いっそのこと、「時代の流れ」とも言うべきなのだろうか。
その考え方が取り入れられた事業が
すでに世の中にはたくさん存在していて、
そのどれもが僕の好奇心をくすぐるものであった。
具体的な例を挙げると、
1人あたりのジーンズの所有本数が世界一だと
言われるほどのジーンズ大国・オランダにて
非常にユニークな事業を展開しているブランド企業がそれである。
ブランド名を『MUD jeans(マッド・ジーンズ)』といい、なんとジーンズの"リース契約"を行っている企業である。

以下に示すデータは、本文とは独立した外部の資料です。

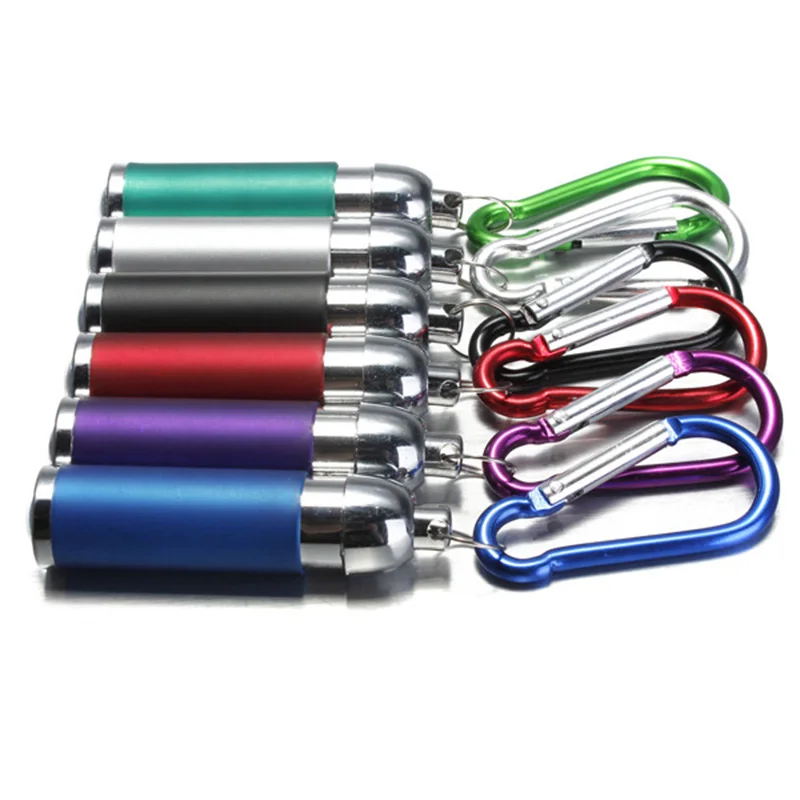 Mini Flashlight Telescopic Focus LED Torch Lantern Portable Light Keychain FL0412 | Лампы и освещение
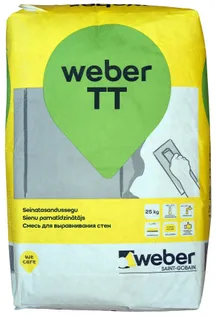 WEBER TT TELLISETASANDAJA 25KG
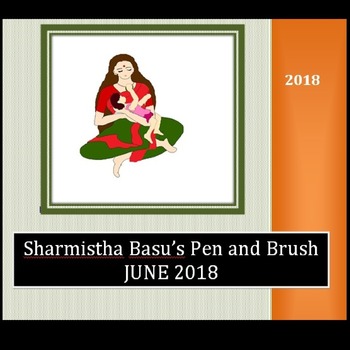 Sharmishtha Basu's Pen and Brush Book 5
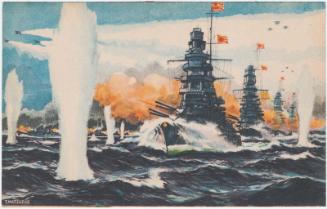 Japanese postcard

昨今、レンタカーやコーヒーメーカー等をはじめとして様々な物がレンタルサービスとして提供されている中、レンタルする対象物が「ジーンズ」となると一瞬だけ首を傾げたくなる。
上の2つのような「機械」とは違って
ジーンズは言ってしまえば単なる「生地」。
素人であれ、やろうと思えば姿形を好き放題変えたり、それを燃やしたりしていくらでも悪さができるはずだ。
しかし聞くところによると
その「レンタルジーンズ」は「『生地』の権利は企業側が保有している」という考え方に基づいてサービスが提供されており、それに付随して
サービス利用者の心を掴むための工夫がなされているそうだ。
リース期間中に無料でメンテナンスや修理のサービスが受けられるだけでなく、
リース契約終了後には、
古いジーンズを返却して別の新しいものをまた借りるか、
次回以降のレンタル時に使用できる割引券を受け取るか、
もしリース期間でそのジーンズを気に入ればそれを安値で買い取ることができる、という意外にも豊富な選択肢たちが用意されている。
正直言ってこれまでは
ただ「レンタル」するためだけにお金を払うのは
"社会活動チック"なことをさせられているかのような気持ちにしかならないものだと思っていたが
ここまで利用者に良心的なサービスならば
お金を払った後でも柔軟な選択ができるということに新たな「価値」が感じられる。
元々自分が思っていたよりも
世の中の「所有から利用」の流れは進んでおり、
まだまだ"同レベ"とは言えないものの
少しずつ「所有」ではなく「利用」することの
利点が見出されているのではないかと思った。
そして、いっそうその流れは加速していくと思うので今後どんな未来が訪れるのか、それが非常に楽しみである。
それに加えて、3年前の僕のように
「家に物を溜めまくったことによるデメリット」を遅れて盛大に被ってしまう人が1人でも減ってくれることを切に願っている。
おじいちゃんおばあちゃん
今回のこのような素晴らしい学びと気づきを与えてくれてありがとう。
そして、小さい頃から今まで
僕を大切に育ててくれて、本当にありがとう。